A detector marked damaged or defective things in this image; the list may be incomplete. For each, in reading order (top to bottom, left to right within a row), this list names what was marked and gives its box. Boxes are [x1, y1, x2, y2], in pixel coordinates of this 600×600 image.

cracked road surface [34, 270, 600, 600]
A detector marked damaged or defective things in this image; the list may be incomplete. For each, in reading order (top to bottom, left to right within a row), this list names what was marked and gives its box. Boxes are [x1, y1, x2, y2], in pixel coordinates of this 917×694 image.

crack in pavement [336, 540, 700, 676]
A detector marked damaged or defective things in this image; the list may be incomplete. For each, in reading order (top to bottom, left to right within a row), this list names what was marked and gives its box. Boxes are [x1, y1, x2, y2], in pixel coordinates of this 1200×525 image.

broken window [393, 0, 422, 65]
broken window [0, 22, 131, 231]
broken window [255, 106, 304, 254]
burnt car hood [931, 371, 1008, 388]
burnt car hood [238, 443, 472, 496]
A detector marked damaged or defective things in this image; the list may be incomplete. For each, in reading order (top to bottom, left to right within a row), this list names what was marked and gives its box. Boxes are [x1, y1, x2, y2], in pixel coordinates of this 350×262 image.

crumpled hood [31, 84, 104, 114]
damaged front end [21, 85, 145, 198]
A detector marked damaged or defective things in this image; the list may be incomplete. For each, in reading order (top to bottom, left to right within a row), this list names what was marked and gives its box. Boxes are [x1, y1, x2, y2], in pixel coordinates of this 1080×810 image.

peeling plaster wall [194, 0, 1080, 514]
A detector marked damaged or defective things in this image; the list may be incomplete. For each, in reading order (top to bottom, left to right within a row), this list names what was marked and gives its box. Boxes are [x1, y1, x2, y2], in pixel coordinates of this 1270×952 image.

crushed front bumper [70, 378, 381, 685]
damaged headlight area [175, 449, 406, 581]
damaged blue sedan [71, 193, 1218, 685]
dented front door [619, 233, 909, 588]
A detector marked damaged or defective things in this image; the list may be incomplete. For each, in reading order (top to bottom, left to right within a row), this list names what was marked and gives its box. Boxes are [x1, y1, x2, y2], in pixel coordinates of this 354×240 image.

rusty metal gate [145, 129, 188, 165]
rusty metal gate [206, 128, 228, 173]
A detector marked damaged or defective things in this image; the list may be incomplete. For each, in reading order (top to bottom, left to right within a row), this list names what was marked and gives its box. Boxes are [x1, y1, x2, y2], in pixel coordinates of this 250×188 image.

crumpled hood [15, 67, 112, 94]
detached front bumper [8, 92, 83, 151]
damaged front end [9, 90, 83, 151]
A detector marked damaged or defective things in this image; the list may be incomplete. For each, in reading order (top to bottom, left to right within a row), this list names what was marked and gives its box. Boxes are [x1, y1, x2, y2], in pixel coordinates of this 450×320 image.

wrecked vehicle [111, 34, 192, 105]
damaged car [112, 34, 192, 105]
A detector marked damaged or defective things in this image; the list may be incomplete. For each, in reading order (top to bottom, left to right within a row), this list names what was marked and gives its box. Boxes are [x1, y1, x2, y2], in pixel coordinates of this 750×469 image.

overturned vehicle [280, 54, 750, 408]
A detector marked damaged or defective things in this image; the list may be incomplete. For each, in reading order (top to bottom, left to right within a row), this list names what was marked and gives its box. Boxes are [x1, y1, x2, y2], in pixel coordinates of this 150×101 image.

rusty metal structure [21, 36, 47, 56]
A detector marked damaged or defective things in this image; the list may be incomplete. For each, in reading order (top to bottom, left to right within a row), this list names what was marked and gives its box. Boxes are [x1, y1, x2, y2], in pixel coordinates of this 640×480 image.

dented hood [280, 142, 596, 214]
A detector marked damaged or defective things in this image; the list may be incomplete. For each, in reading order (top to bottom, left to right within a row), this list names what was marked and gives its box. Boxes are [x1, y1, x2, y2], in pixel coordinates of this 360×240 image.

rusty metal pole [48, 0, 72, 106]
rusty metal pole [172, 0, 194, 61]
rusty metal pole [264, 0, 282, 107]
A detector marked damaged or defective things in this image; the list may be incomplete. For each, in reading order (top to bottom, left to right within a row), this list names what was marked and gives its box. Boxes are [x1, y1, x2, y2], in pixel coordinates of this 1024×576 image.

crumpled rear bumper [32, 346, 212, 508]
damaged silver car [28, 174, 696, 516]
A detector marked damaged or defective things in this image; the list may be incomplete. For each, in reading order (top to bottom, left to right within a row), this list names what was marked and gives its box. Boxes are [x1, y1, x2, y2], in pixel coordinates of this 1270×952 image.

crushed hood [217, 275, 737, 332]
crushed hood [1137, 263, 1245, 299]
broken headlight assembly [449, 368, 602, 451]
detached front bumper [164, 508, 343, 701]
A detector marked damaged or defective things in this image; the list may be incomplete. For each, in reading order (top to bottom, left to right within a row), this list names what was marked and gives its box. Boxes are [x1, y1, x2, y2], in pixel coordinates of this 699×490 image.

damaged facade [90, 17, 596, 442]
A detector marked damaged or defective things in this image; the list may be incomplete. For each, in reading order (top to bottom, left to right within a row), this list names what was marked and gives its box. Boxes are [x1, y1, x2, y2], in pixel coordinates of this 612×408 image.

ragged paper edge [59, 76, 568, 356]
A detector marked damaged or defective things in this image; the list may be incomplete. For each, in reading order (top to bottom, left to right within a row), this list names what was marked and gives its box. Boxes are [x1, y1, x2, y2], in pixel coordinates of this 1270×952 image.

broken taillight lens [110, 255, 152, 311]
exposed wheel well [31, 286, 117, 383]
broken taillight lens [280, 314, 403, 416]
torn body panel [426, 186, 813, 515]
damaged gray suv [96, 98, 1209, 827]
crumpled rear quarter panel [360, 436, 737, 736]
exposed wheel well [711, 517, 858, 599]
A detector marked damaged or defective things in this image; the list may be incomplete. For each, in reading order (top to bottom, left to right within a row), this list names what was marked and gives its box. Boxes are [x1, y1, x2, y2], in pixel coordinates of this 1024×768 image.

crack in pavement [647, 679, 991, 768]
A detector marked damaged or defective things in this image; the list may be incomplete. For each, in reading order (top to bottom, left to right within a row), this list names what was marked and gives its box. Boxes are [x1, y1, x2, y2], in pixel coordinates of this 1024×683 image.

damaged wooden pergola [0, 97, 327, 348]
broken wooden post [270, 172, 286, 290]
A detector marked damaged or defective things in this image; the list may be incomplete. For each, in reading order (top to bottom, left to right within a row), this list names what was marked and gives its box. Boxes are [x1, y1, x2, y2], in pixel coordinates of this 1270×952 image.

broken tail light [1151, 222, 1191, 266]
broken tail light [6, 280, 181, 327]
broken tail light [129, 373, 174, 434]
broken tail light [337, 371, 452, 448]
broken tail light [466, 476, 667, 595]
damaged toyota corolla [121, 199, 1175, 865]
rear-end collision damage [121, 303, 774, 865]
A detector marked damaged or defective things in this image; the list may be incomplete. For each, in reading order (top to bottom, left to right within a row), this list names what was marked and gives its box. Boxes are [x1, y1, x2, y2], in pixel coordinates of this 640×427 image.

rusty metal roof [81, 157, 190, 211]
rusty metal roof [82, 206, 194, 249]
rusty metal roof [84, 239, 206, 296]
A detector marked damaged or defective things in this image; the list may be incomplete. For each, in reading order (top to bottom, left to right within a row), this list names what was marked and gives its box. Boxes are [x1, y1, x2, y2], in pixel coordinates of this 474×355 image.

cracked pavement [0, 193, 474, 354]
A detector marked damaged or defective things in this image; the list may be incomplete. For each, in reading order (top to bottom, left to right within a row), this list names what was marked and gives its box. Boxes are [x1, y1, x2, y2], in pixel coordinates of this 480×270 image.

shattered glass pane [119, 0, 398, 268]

## ACTIVITY
Return all the lines shown above, word for word.

## FINAL ANSWER
A detector marked damaged or defective things in this image; the list may be incomplete. For each, in reading order (top to bottom, left to right within a row), this list names what was marked and gives its box. Boxes are [x1, y1, x2, y2], in pixel coordinates of this 600×600 image.

cracked road surface [34, 270, 600, 600]
A detector marked damaged or defective things in this image; the list may be incomplete. For each, in reading order (top to bottom, left to right within a row), this list names what was marked and gives its box. Boxes are [x1, y1, x2, y2], in pixel coordinates of this 917×694 image.

crack in pavement [336, 540, 700, 676]
A detector marked damaged or defective things in this image; the list may be incomplete. For each, in reading order (top to bottom, left to right within a row), this list names what was marked and gives its box. Boxes are [x1, y1, x2, y2], in pixel coordinates of this 1200×525 image.

broken window [393, 0, 422, 65]
broken window [0, 22, 131, 231]
broken window [255, 106, 304, 254]
burnt car hood [931, 371, 1008, 388]
burnt car hood [238, 443, 472, 496]
A detector marked damaged or defective things in this image; the list may be incomplete. For each, in reading order (top to bottom, left to right within a row), this list names what was marked and gives its box. Boxes are [x1, y1, x2, y2], in pixel coordinates of this 350×262 image.

crumpled hood [31, 84, 104, 114]
damaged front end [21, 85, 145, 198]
A detector marked damaged or defective things in this image; the list may be incomplete. For each, in reading order (top to bottom, left to right within a row), this list names what was marked and gives its box. Boxes are [x1, y1, x2, y2], in pixel coordinates of this 1080×810 image.

peeling plaster wall [194, 0, 1080, 514]
A detector marked damaged or defective things in this image; the list may be incomplete. For each, in reading order (top to bottom, left to right within a row), this list names what was marked and gives its box. Boxes are [x1, y1, x2, y2], in pixel coordinates of this 1270×952 image.

crushed front bumper [70, 378, 381, 685]
damaged headlight area [175, 449, 406, 581]
damaged blue sedan [71, 193, 1218, 685]
dented front door [619, 233, 909, 588]
A detector marked damaged or defective things in this image; the list may be incomplete. For each, in reading order (top to bottom, left to right within a row), this list names what was marked and gives its box. Boxes are [x1, y1, x2, y2], in pixel coordinates of this 354×240 image.

rusty metal gate [145, 129, 188, 165]
rusty metal gate [206, 128, 228, 173]
A detector marked damaged or defective things in this image; the list may be incomplete. For each, in reading order (top to bottom, left to right within a row), this list names what was marked and gives its box. Boxes are [x1, y1, x2, y2], in pixel coordinates of this 250×188 image.

crumpled hood [15, 67, 112, 94]
detached front bumper [8, 92, 83, 151]
damaged front end [9, 90, 83, 151]
A detector marked damaged or defective things in this image; the list may be incomplete. For each, in reading order (top to bottom, left to right within a row), this list names what was marked and gives its box. Boxes are [x1, y1, x2, y2], in pixel coordinates of this 450×320 image.

wrecked vehicle [111, 34, 192, 105]
damaged car [112, 34, 192, 105]
A detector marked damaged or defective things in this image; the list may be incomplete. For each, in reading order (top to bottom, left to right within a row), this list names what was marked and gives its box. Boxes are [x1, y1, x2, y2], in pixel coordinates of this 750×469 image.

overturned vehicle [280, 54, 750, 408]
A detector marked damaged or defective things in this image; the list may be incomplete. For each, in reading order (top to bottom, left to right within a row), this list names what was marked and gives its box. Boxes are [x1, y1, x2, y2], in pixel coordinates of this 150×101 image.

rusty metal structure [21, 36, 47, 56]
A detector marked damaged or defective things in this image; the list may be incomplete. For each, in reading order (top to bottom, left to right within a row), this list names what was marked and gives its box. Boxes are [x1, y1, x2, y2], in pixel coordinates of this 640×480 image.

dented hood [280, 142, 596, 214]
A detector marked damaged or defective things in this image; the list may be incomplete. For each, in reading order (top to bottom, left to right within a row), this list names what was marked and gives its box. Boxes are [x1, y1, x2, y2], in pixel coordinates of this 360×240 image.

rusty metal pole [48, 0, 72, 106]
rusty metal pole [172, 0, 194, 61]
rusty metal pole [264, 0, 282, 107]
A detector marked damaged or defective things in this image; the list may be incomplete. For each, in reading order (top to bottom, left to right within a row), this list names what was marked and gives its box. Boxes are [x1, y1, x2, y2], in pixel coordinates of this 1024×576 image.

crumpled rear bumper [32, 346, 212, 508]
damaged silver car [28, 174, 696, 516]
A detector marked damaged or defective things in this image; the list may be incomplete. For each, in reading order (top to bottom, left to right within a row), this list names what was marked and gives its box. Boxes are [x1, y1, x2, y2], in pixel coordinates of this 1270×952 image.

crushed hood [217, 275, 737, 332]
crushed hood [1137, 263, 1245, 299]
broken headlight assembly [449, 368, 602, 451]
detached front bumper [164, 508, 343, 701]
A detector marked damaged or defective things in this image; the list may be incomplete. For each, in reading order (top to bottom, left to right within a row), this list names what was marked and gives its box. Boxes are [x1, y1, x2, y2], in pixel coordinates of this 699×490 image.

damaged facade [90, 17, 596, 442]
A detector marked damaged or defective things in this image; the list may be incomplete. For each, in reading order (top to bottom, left to right within a row), this list names what was marked and gives its box. Boxes are [x1, y1, x2, y2], in pixel coordinates of this 612×408 image.

ragged paper edge [59, 76, 568, 356]
A detector marked damaged or defective things in this image; the list may be incomplete. For each, in reading order (top to bottom, left to right within a row), this list names what was marked and gives its box. Boxes are [x1, y1, x2, y2], in pixel coordinates of this 1270×952 image.

broken taillight lens [110, 255, 152, 311]
exposed wheel well [31, 286, 117, 383]
broken taillight lens [280, 314, 403, 416]
torn body panel [426, 186, 813, 515]
damaged gray suv [96, 98, 1209, 827]
crumpled rear quarter panel [360, 436, 737, 736]
exposed wheel well [711, 517, 858, 599]
A detector marked damaged or defective things in this image; the list may be incomplete. For each, in reading order (top to bottom, left to right within a row), this list names what was marked and gives its box. Boxes are [x1, y1, x2, y2], in pixel coordinates of this 1024×768 image.

crack in pavement [647, 679, 991, 768]
A detector marked damaged or defective things in this image; the list may be incomplete. For each, in reading order (top to bottom, left to right within a row), this list names what was marked and gives its box. Boxes are [x1, y1, x2, y2], in pixel coordinates of this 1024×683 image.

damaged wooden pergola [0, 97, 327, 348]
broken wooden post [270, 172, 286, 290]
A detector marked damaged or defective things in this image; the list may be incomplete. For each, in reading order (top to bottom, left to right within a row), this list names what was marked and gives its box. Boxes are [x1, y1, x2, y2], in pixel coordinates of this 1270×952 image.

broken tail light [1151, 222, 1191, 266]
broken tail light [6, 280, 181, 327]
broken tail light [129, 373, 174, 434]
broken tail light [337, 371, 452, 448]
broken tail light [466, 476, 667, 595]
damaged toyota corolla [121, 199, 1175, 865]
rear-end collision damage [121, 303, 774, 865]
A detector marked damaged or defective things in this image; the list may be incomplete. For each, in reading order (top to bottom, left to right within a row), this list names what was marked and gives its box. Boxes are [x1, y1, x2, y2], in pixel coordinates of this 640×427 image.

rusty metal roof [81, 157, 190, 211]
rusty metal roof [82, 206, 194, 249]
rusty metal roof [84, 239, 206, 296]
A detector marked damaged or defective things in this image; the list may be incomplete. For each, in reading order (top to bottom, left to right within a row), this list names what was marked and gives its box. Boxes are [x1, y1, x2, y2], in pixel coordinates of this 474×355 image.

cracked pavement [0, 193, 474, 354]
A detector marked damaged or defective things in this image; the list may be incomplete. For each, in reading order (top to bottom, left to right within a row), this list names what was marked and gives its box. Boxes are [x1, y1, x2, y2], in pixel coordinates of this 480×270 image.

shattered glass pane [119, 0, 398, 268]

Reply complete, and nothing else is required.